[EXERCISE INSTRUCTIONS] Can the lines below, from the one that holds "Kosiarka gokart Wolf" to the very end, be echoed exactly, with both ends included and no pictures?
[Opening DATA EXTRACT section]
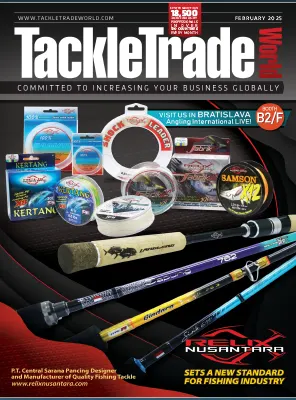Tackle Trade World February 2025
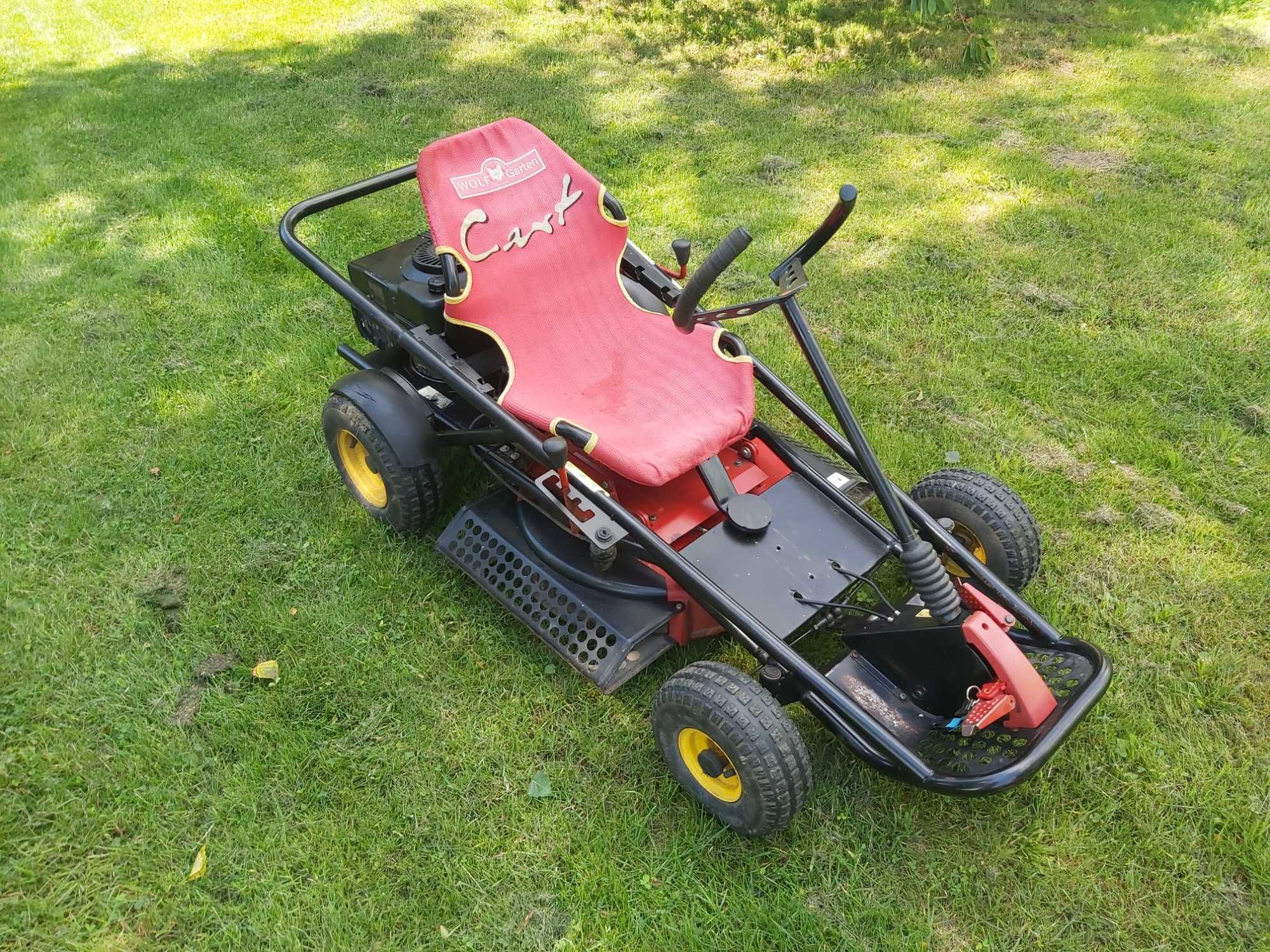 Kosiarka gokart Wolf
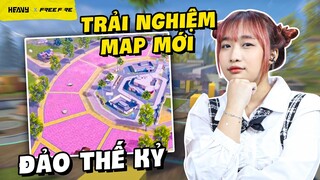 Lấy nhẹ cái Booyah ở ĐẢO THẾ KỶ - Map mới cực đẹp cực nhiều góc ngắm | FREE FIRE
[Closing DATA EXTRACT section]
[RESPONSE TO THE TASK]
 Kosiarka gokart Wolf
 Lấy nhẹ cái Booyah ở ĐẢO THẾ KỶ - Map mới cực đẹp cực nhiều góc ngắm | FREE FIRE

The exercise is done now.